I just checked argo again and the issue actually came back, sorry for the confusion!

pschichtel avatar Jun 25 '24 20:06 pschichtel

Okay that makes more sense, I'm not seeing any relevant changes in k8s or metrics-server.

I spent a bunch of time today trying to de-dupe OpenAPI models before feeding them to GVKParser. It avoids the NewGVKParser error, but apparently some models (like DeploymentSpec are disappearing from the GVKParser's schema), so I'm getting other failures during diff construction.

Working on it though.

crenshaw-dev avatar Jun 25 '24 21:06 crenshaw-dev

I'm working on the fix and have written up a description of the issue here: https://github.com/argoproj/gitops-engine/pull/587/files#diff-bbeadede3a86f27922253617b66c49b7672bb52896a10cf5626b398fa0fa9280

I'm trying to decide between just logging the dropped duplicate GVKs or also surfacing to the user that their diff might be wrong due to duplicate GVKs.

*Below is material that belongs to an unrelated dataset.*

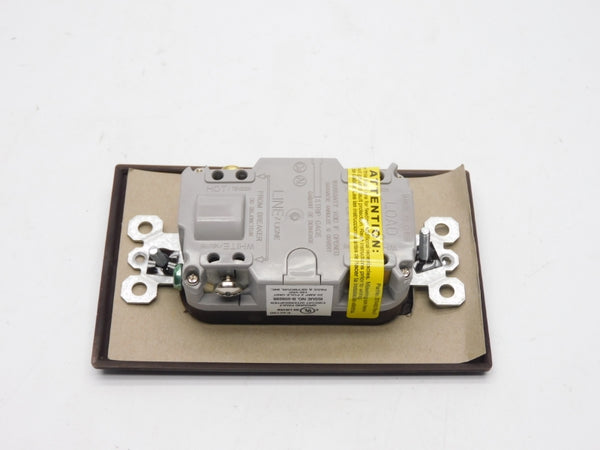 PASS&SEYMOUR LEGRAND 2095 125VAC 20A NSMP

So far I'm trying to surface it to the user, but might end up being more code than it's worth.

A couple open questions:

  1. Should aggregated APIs like metrics-server even include definitions for things like APIResourceList in their OpenAPI doc? afaik, that type isn't directly used in any of the API's user-facing functions. Maybe it's for Kubernetes' benefit, doing discovery?
  2. Would constructing proto.Models from an OpenAPI v3 doc make these problems go away? I haven't tested, because I'm not sure how to construct a full OpenAPI v3 doc from the per-type docs currently served by k8s. Even if I did construct that doc, I'm not confident that it wouldn't hit the same duplicate GVK issue when constructing the GVKParser.

crenshaw-dev avatar Jun 26 '24 22:06 crenshaw-dev

The issue seems to still be there for Rollout, analysisRunMetadata field (see the screenshot). Screenshot 2024-06-30 at 8 34 28 AM I've build a custom image from latest master (+1 cherry pick), ArgoCD pods were updated, even Redis ones. Update: I'd wait for a bit in case it's a stale UI issue.

andrii-korotkov-verkada avatar Jun 30 '24 15:06 andrii-korotkov-verkada

The app eventually got in sync.

andrii-korotkov-verkada avatar Jun 30 '24 15:06 andrii-korotkov-verkada

I can also confirm the issue is gone. thanks!

pschichtel avatar Jul 03 '24 22:07 pschichtel